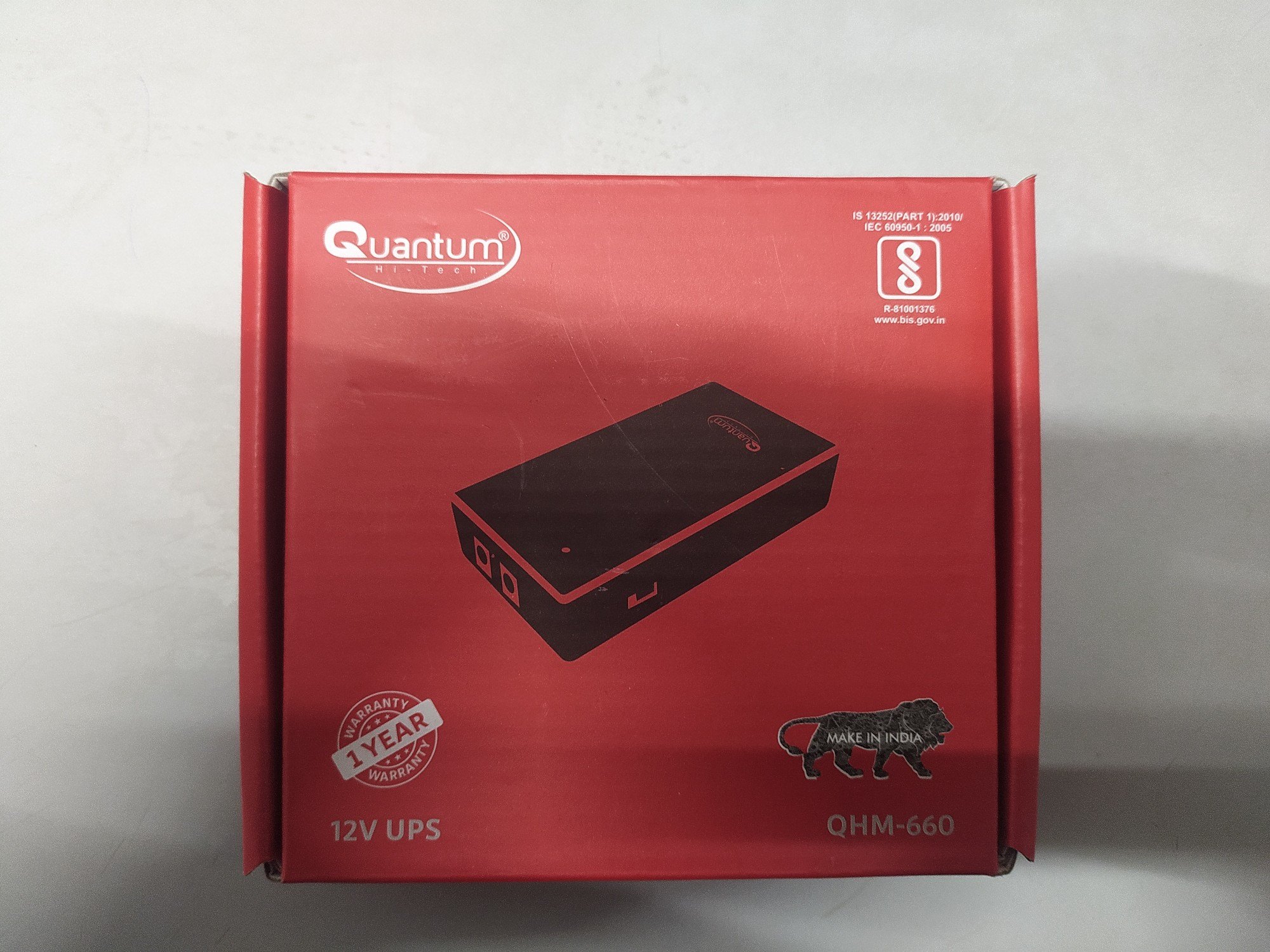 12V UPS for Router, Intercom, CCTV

---

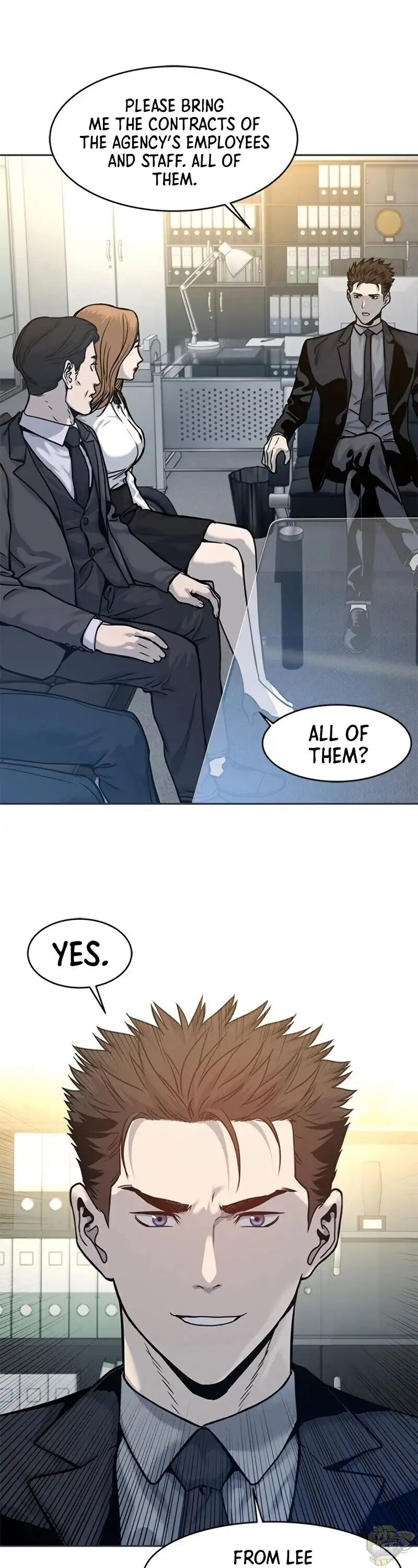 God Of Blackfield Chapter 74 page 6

--

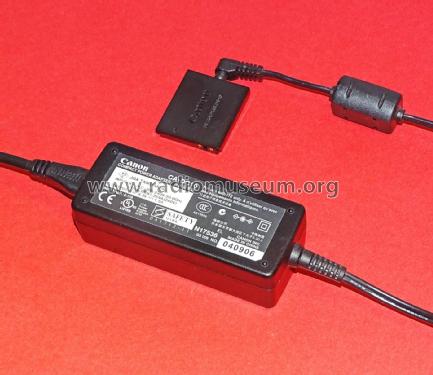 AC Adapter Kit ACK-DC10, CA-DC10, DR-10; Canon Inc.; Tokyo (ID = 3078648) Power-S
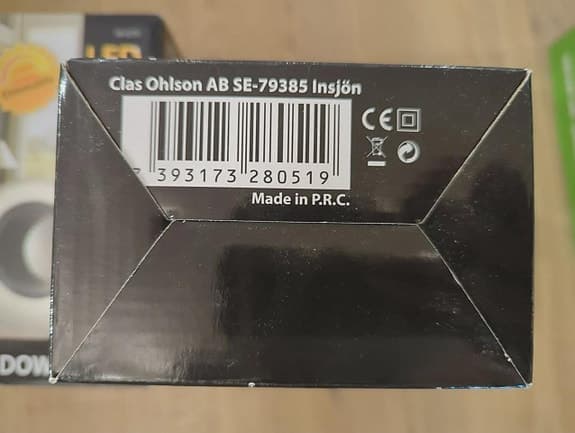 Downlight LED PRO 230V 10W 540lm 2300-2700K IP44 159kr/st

• **Task objective**
Range to copy from the listing above: the line containing "AC Adapter Kit" down to the line containing "Downlight LED PRO", both included. Reproduce it exactly, minus the pictures, and add nothing.

• **The answer**
 AC Adapter Kit ACK-DC10, CA-DC10, DR-10; Canon Inc.; Tokyo (ID = 3078648) Power-S
 Downlight LED PRO 230V 10W 540lm 2300-2700K IP44 159kr/st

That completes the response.